The validation value V is a constant known by both the sender and
the receiver. In the depicted embodiments, each of the values
refers to a byte of data. However, in alternative embodiments, the
values can be a different size. Although not depicted in these
embodiments, the value used to index into the hash table for the
initial data value, D.sub.0, can be XORed with an initialization
value. The encoded message values can be saved in a buffer or other
memory by a processor in the transmitter so that they can be formed
into a packet for transmission to a receiver.
[0113] In the illustrated embodiments, the methods of encoding a
message using an augmented multi-stage hash function are
implemented using an augmented iterative hash function. An
iterative hash function generates hash values that correspond to
portions of the message where each hash value (except the first) is
dependent on the previous hash values. Such a method includes
obtaining a dynamic key, obfuscating the message with the dynamic
key through a logic operation, and hashing the obfuscated message
with an iterative hashing function to obtain two or more hash
values that correspond to portions of the obfuscated message. An
example of this includes indexing a hash table to determine a first
intermediate hash value. The index to look up the first
intermediate hash value is generated from a logical operation
between a first portion of the message, a first portion of the
dynamic key, and an initialization value. A second intermediate
hash value can be generated by indexing the hash table. The index
to look up the second intermediate hash value can be generated from
a logical operation between a second portion of the message, a
second portion of the dynamic key, and the first intermediate hash
value. This can be repeated until a hash value is generated for
each portion of the message. For example, an eight part CAN bus
message can generate eight hash values.
[0114] The order in which the data bytes are hashed can vary. The
examples illustrated in FIGS. 1-3 show each of the data bytes being
hashed sequentially with the validation byte being hashed last. In
alternative embodiments, the order can be different as long as the
transmitter and the receiver know and use the same order for both
encoding and decoding. For example, the validation byte can be
hashed first, and/or the data bytes can be hashed out of order. The
order can be fixed for a particular system so that the order is
unknown from system to system. Further, the order can be dynamic
and change based on a seed value, such as the key or a separate
value known to both the transmitter and the receiver. In some
embodiments, the validation byte may not be included in the hash
chain; the data may be validated using an alternate validation
method.
[0115] FIG. 1 illustrates a method of encoding a message using a
multi-stage hashing function where a key is XORed with the hash
value corresponding to each part of a multi-part message. In the
FIG. 1 embodiment, the first byte, D.sub.0, is used as an index
into the look up table to obtain a hash value. The hash value is
XORed with K.sub.0 in order to obtain M.sub.0 which is the first
byte of the encoded message. In the FIG. 1 embodiment, the hash
value from D.sub.0 is XORed with D.sub.1 in order to index into the
hash table and obtain the second hash value. The second hash value
is XORed with K.sub.1 in order to obtain M.sub.1 which is the
second byte of the encoded message. This sequence can be repeated
for each portion of the message to obtain a corresponding portion
of the encoded message. In the depicted embodiment, the validation
byte V can be protected and encoded as M.sub.n+1. The hash value
from the last data byte, D.sub.n, is XORed with the validation byte
and used to index into the look up table. The result of the look up
is XORed with the appropriate key byte, K.sub.n+1, in order to
obtain the encoded validation byte, M.sub.n+1.

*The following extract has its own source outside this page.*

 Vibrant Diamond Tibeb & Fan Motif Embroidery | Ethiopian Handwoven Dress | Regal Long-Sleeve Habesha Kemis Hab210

[0116] FIG. 2 illustrates an embodiment where the result of the XOR
between the key and the hash value is XORed with the next part of
the message (instead of just the hash value). For example, the
first portion of the message D.sub.0 is used as an index to the
look up table and the resulting hash value is XORed with the first
portion of the key, K.sub.0, and the result is saved in memory as
the first encoded portion of the message, M.sub.0. The encoded
portion of the message, M.sub.0, is XORed with the second portion
of the data, D.sub.1. The result of that XOR is used as an index
into the hash table and the result of that look up is XORed with
the second portion of the key, K.sub.1 and saved as the second
encoded portion of the message, M.sub.1. This process can be
repeated for each portion of the message. In the depicted
embodiment, the validation byte V can be protected and encoded as
M.sub.n+1. The encoded message from the last data byte, M.sub.n, is
XORed with the validation byte, V, and used to index into the look
up table. The hash value is XORed with the key, K.sub.n+1, in order
to generate the encoded validation byte M.sub.n+1.
[0117] FIG. 3 illustrates another different embodiment where each
portion of the message is XORed with the key before being used as
the index into the hash table. For example, the first portion of
the message D.sub.0 is XORed with the first portion of the key
K.sub.0 and the result is used as an index into the look up table.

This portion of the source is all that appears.